=== Information provided ===
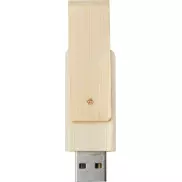 Pamięć USB Rotate o pojemności 8 GB wykonana z bambusa, biały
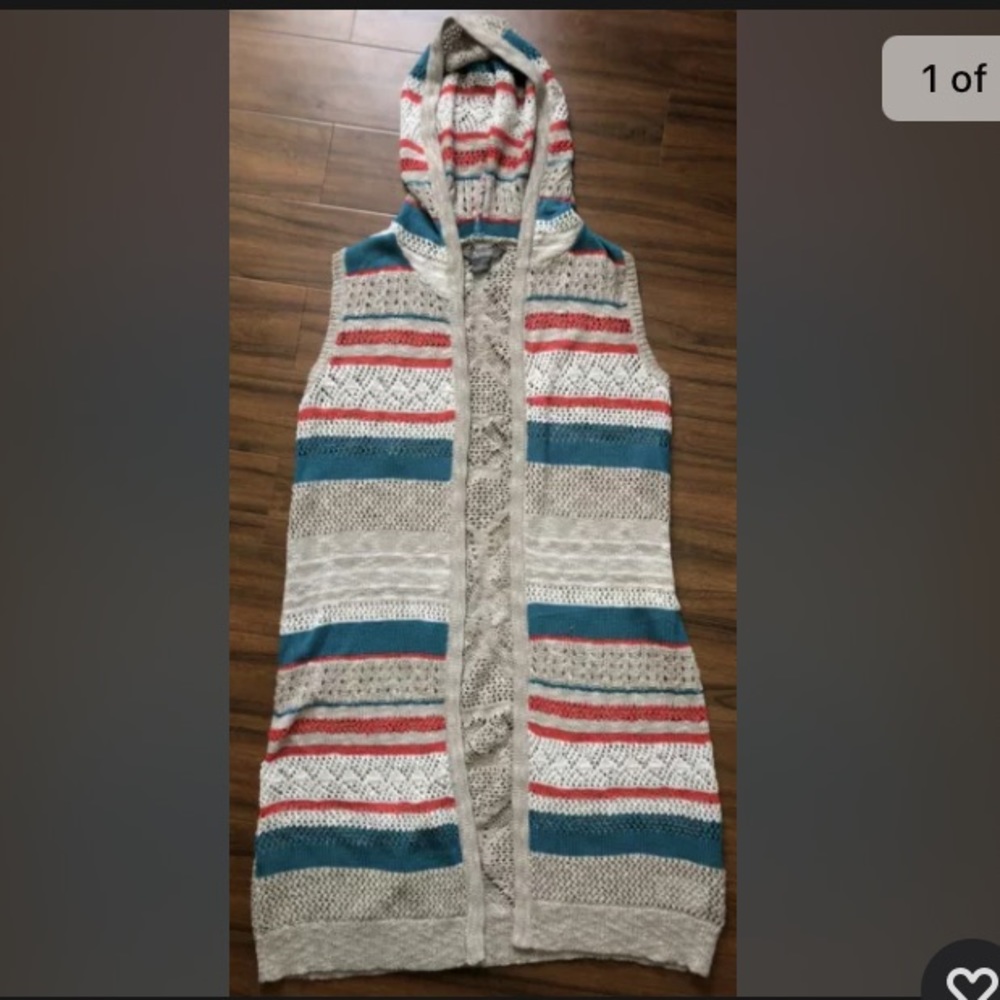 ✨NWOT ~Natural Reflections ~ Long Crochet Hooded Sleeveless Cardigan ~ Ladies M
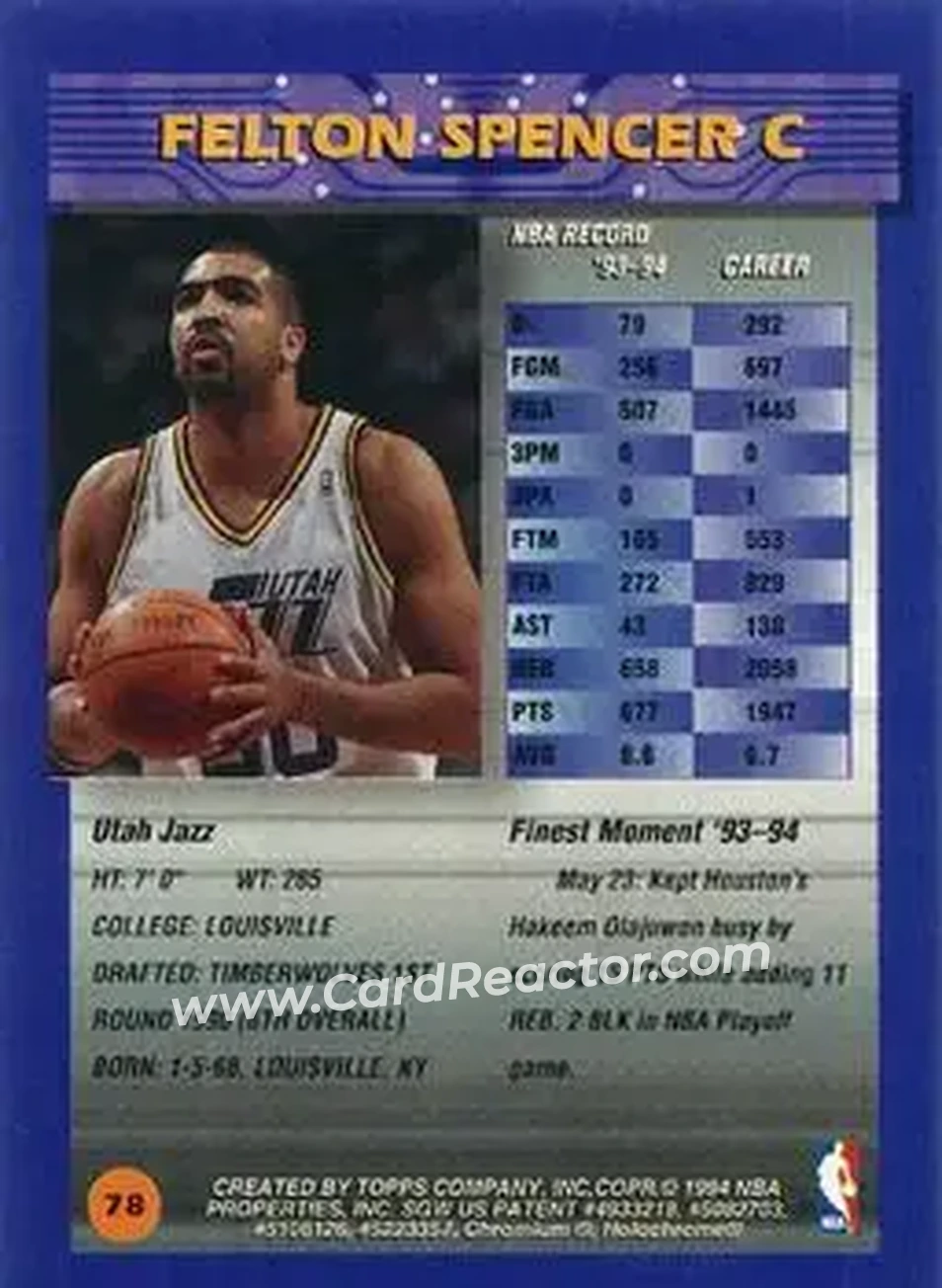 1994-95 Finest - Refractors #78 - Felton Spencer - Utah Jazz - Back 1994-95 Finest - Refractors #78 - Felton Spencer - Utah Jazz - Back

=== Problem requirements ===
Top to bottom, retype the listing exactly but drop every picture.

=== Exercise answer ===
 Pamięć USB Rotate o pojemności 8 GB wykonana z bambusa, biały
 ✨NWOT ~Natural Reflections ~ Long Crochet Hooded Sleeveless Cardigan ~ Ladies M
 1994-95 Finest - Refractors #78 - Felton Spencer - Utah Jazz - Back 1994-95 Finest - Refractors #78 - Felton Spencer - Utah Jazz - Back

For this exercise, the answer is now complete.